The Department of Psychology is delighted to announce the next online talk of the Mind Meeting Seminar Series.

On Thursday 20th May, 11 am CET, Professor Christopher Summerfield (University of Oxford, UK) will give a talk entitled “Relational knowledge representation and assembly in humans and neural networks”.

When: Thursday 20th May,  11:00 – 12:15 pm (CET)

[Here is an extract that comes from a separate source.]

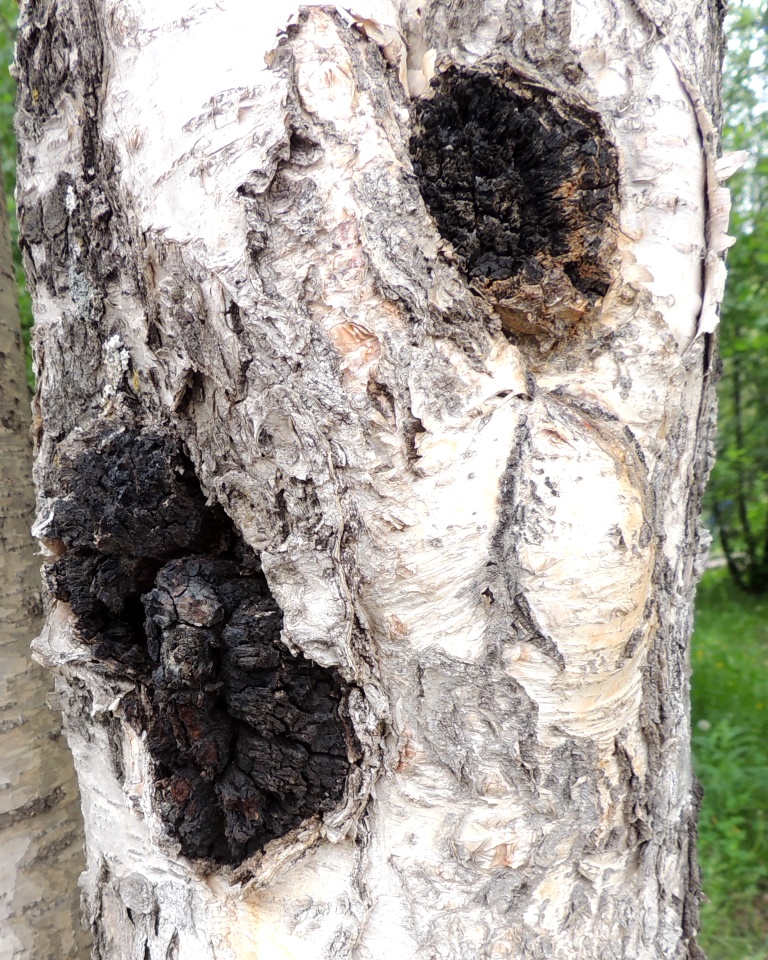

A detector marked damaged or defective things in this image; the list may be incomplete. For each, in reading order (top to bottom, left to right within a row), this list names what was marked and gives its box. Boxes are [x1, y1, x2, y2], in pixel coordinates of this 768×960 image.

The talk will take place virtually via Zoom. Please contact us at psy-office@cbs.mpg.de if you are interested in taking part.

Abstract

Humans represent complex knowledge structures and use them for inference. I will describe experiments involving  human behavioural testing, modelling, and brain imaging that use transitive inference as a paradigm for studying relational knowledge representation. I will show evidence that humans use neural representations of number, lying on a low-dimensional neural manifold, as a scaffold for learning novel transitive series. I will show that when transitive series are  learned in different contexts, the neural representations align in a way that facilitates cross-context generalisation. The behaviour and neural representations observed in humans closely match those seen in neural networks trained to perform the same task. Finally, I will show that  a brief training instance can allow neural knowledge assembly, whereby two existing existing transitive structures are rapidly linked into a single  line, and that this  is  paralleled by fast changes in neural geometry in the human parietal cortex. Finally we propose a neural network  account of how this knowledge assembly occurs.